Outward acquiescence and inward resistance toward those who have brought down calumny upon your family is a good strategy for survival in the short run. White southerners, however, wanted more than survival. Like Hampton, they wanted vindication. Most of all they wanted to reconstruct their lives, their communities, and their civilization. Loathing the present, fearing the future, they looked to the past.

White southerners groped for meaning in defeat. If, as their ministers and leaders had told them, they were fighting a holy war, then they must have sinned against God. Yet the Old Testament is replete with examples of God's Chosen People receiving severe punishment for serious transgressions against His laws.

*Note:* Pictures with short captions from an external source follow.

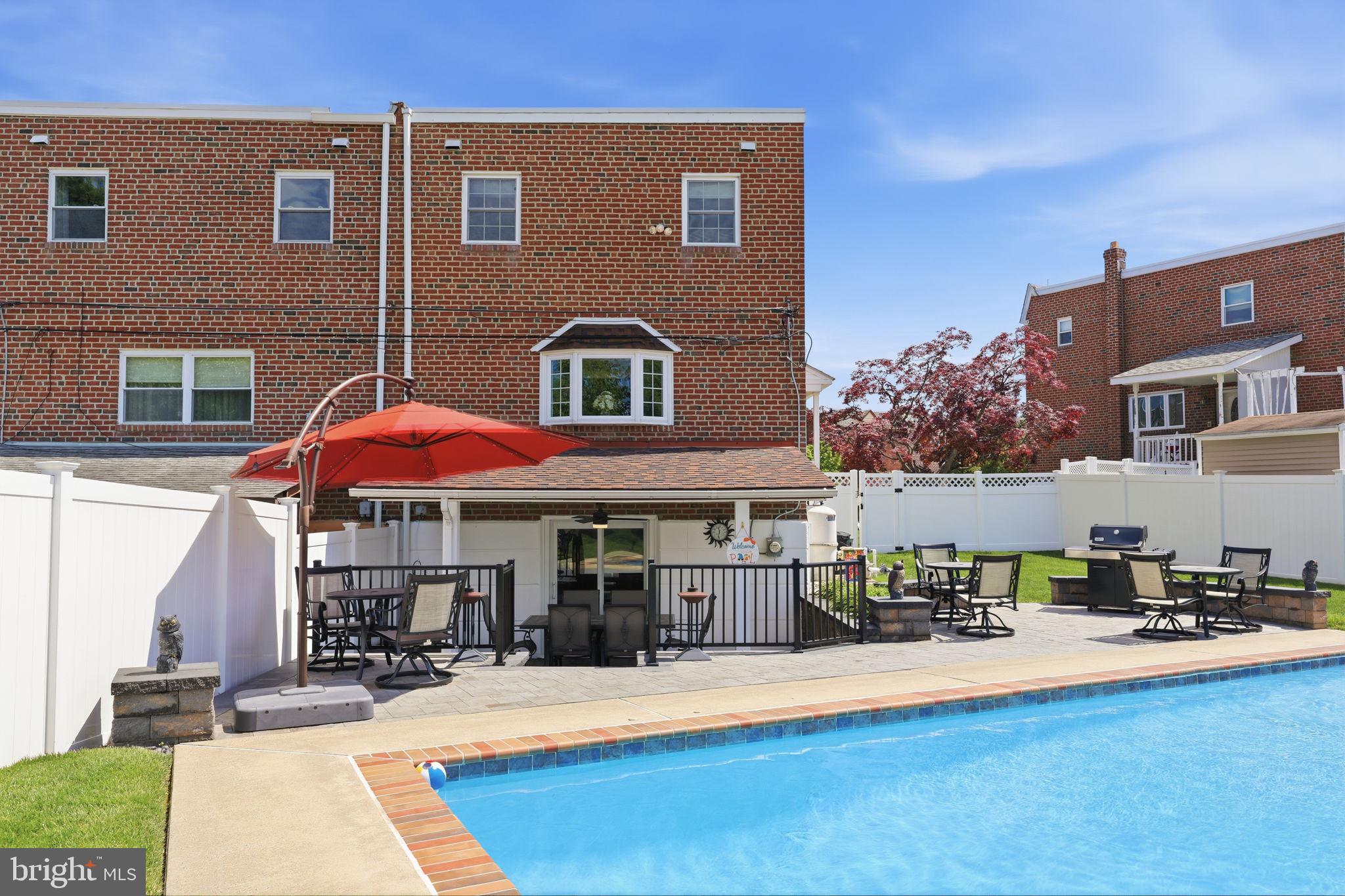 SOMERTON - Residential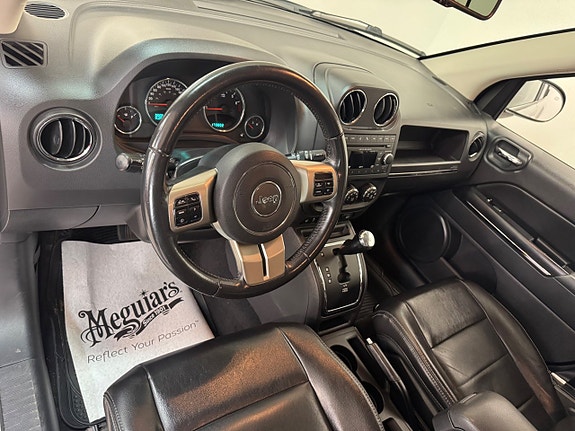 Jeep Compass 9 of 13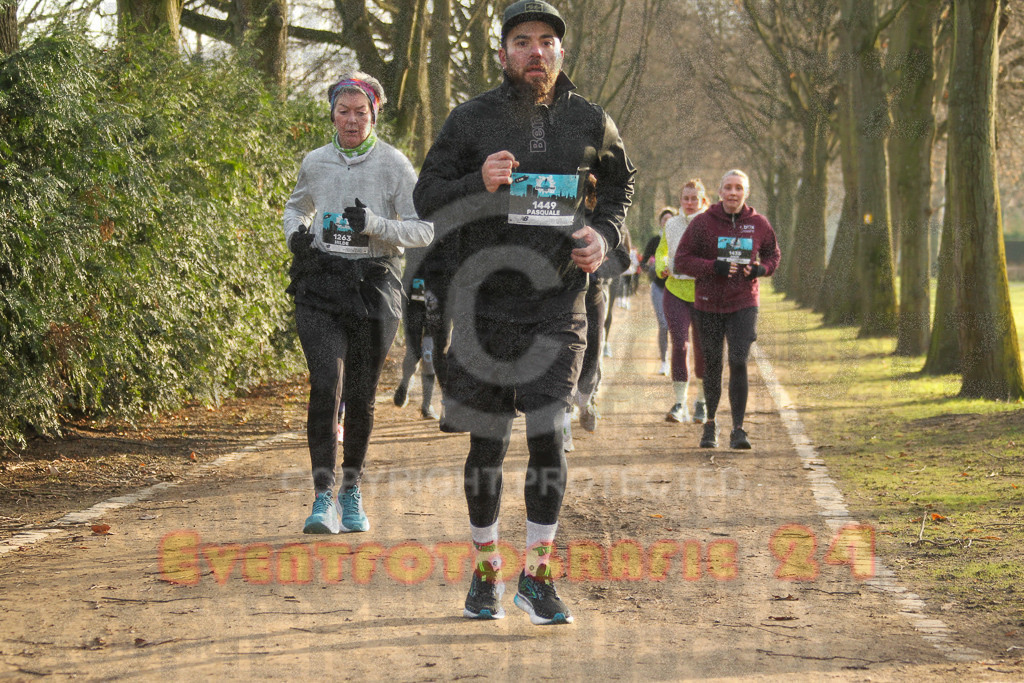 241231_1025_EV4_4213 | Sportfotografie im Rhein-Sieg Kreis, Köln, Bonn, NRW, Rheinland Pfalz, Hessen, etc. Unser Tätigkeitsfeld umfasst den Laufsport vom Volkslauf über den Marathon, Duathlon, Triathon bis zum Ultralauf wie Kölnpfad Ultra oder Schindertrail.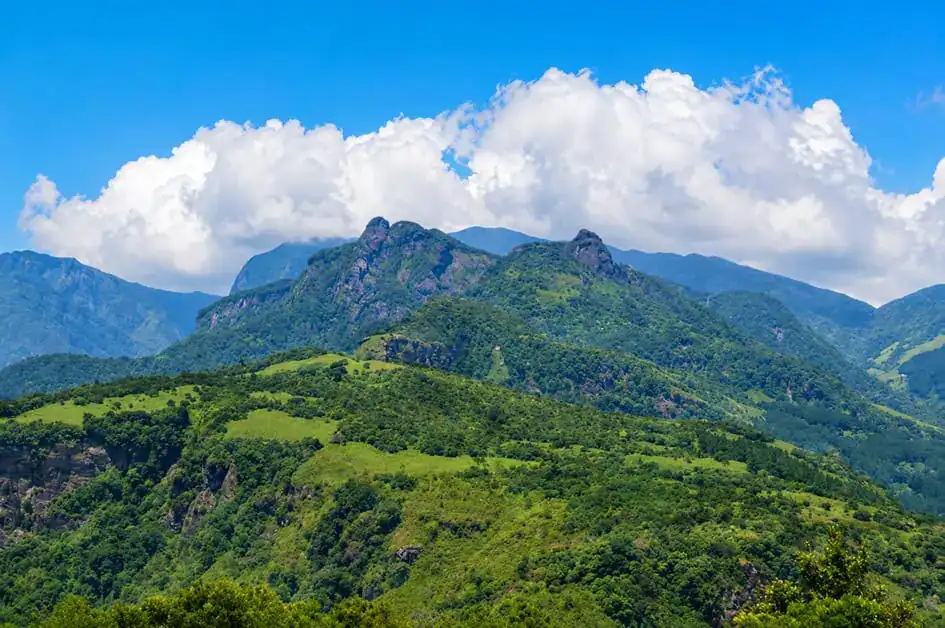 Knuckles Mountains from Manigala Trail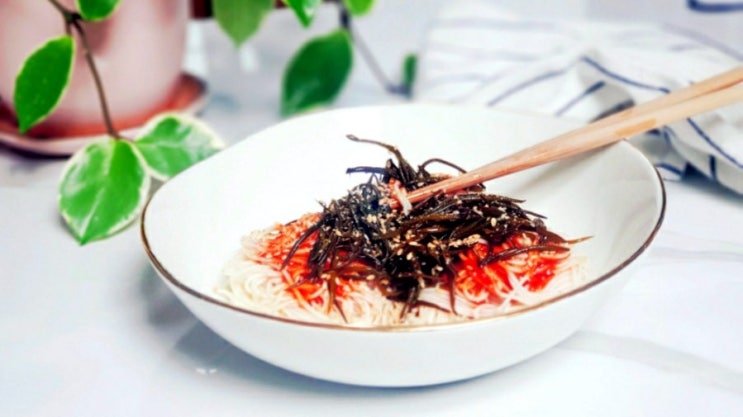  톳 비빔국수 오독오독 매콤달콤 다이어트 해조류 톳요리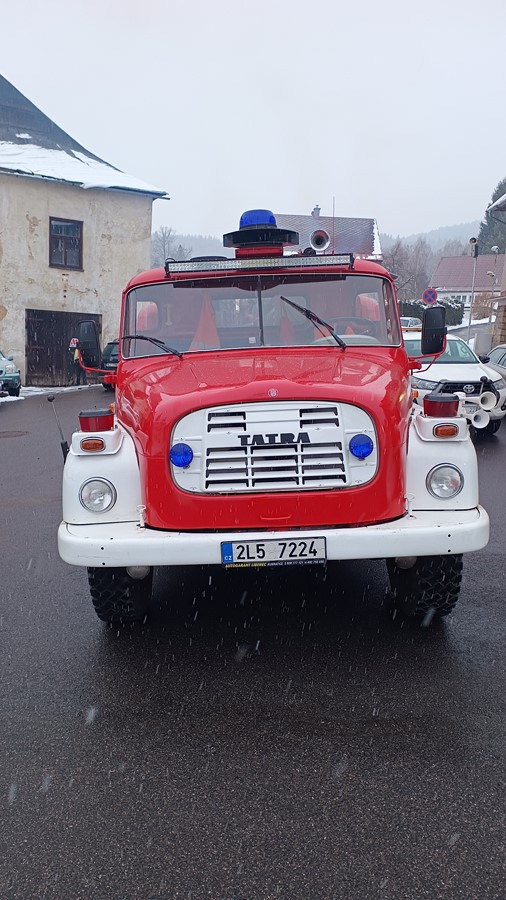 Hasičská cisterna Tatra 148 CAS 32 - 2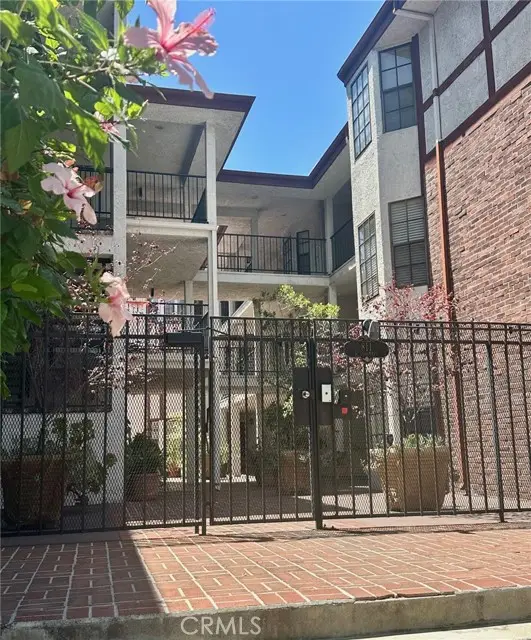 811 N Columbus Avenue #18, Glendale, CA 91203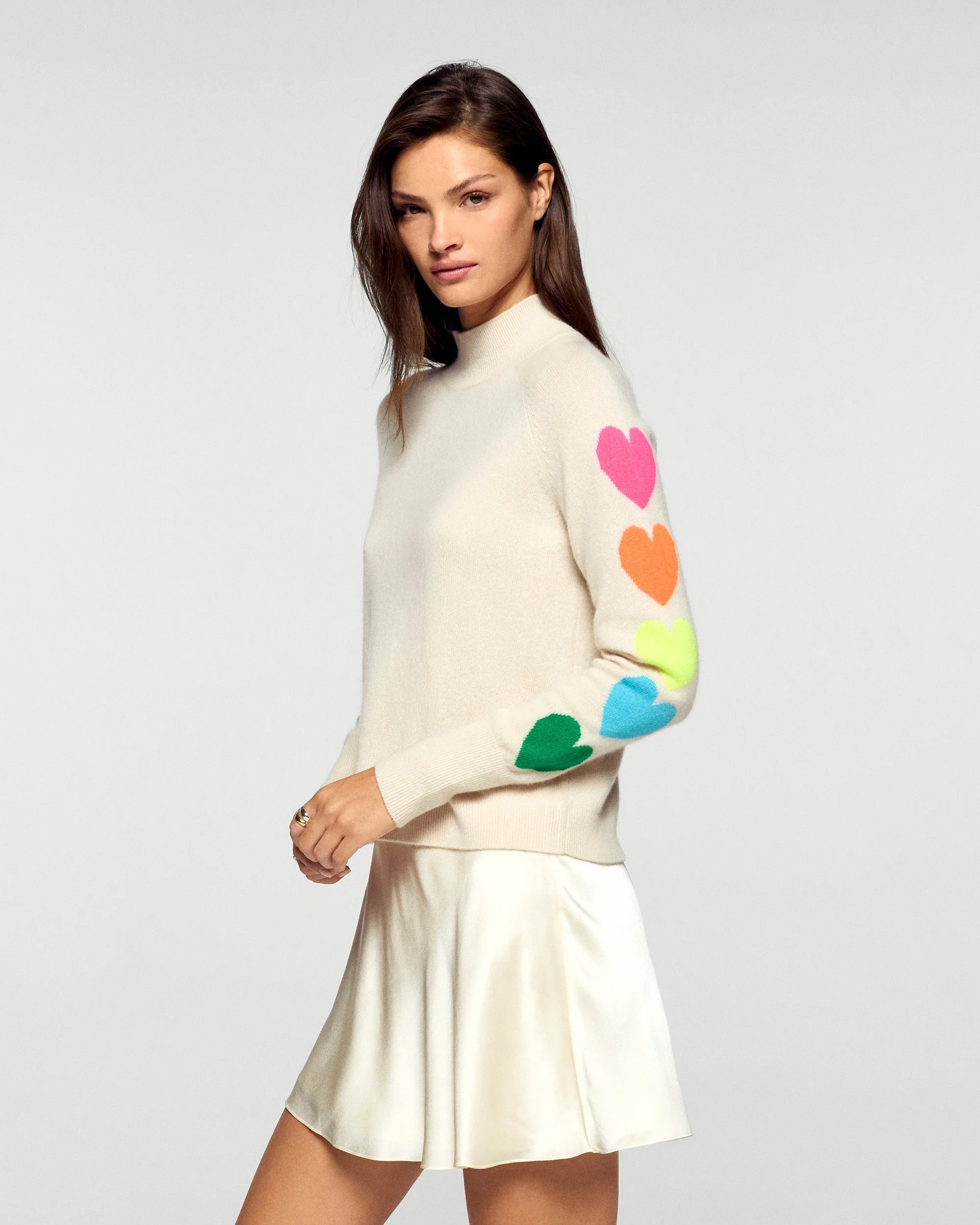 Mock Neck Sweater Multicolored Hearts (H25 / WOMEN / Sand) - Image 3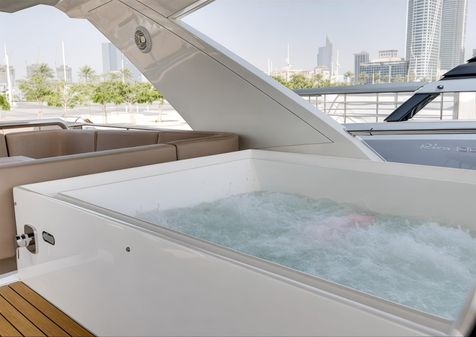 Galeon 780 Crystal image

God held out the possibility of redemption if His people repented. “He loveth whom he chasteneth,” from Hebrews 12:6, became the scriptural foundation of a new southern faith. It enabled white southerners to rationalize their loss and move forward in their lives with the belief in their ultimate redemption. As northerners moved away from a civil society informed and directed by evangelical Protestantism, southerners embraced it, and embraced it so fiercely that it became a folk religion indistinguishable from southern culture. Thomas Markham, a Presbyterian minister, took this theme in a sermon he delivered in New Orleans shortly after the end of the war: the “present afflictions which are but for a moment, shall work out for us a far more exceeding and eternal weight of glory.” Defeat was not an adverse judgment on the South so much as a motivation to create a perfect society. “Defeat,” the Rev. Moses Drury Hoge of Richmond declared, “is the discipline which trains the truly heroic soul to further and better endeavors.” For southerners, “it is better to be chastened, than to be let alone.”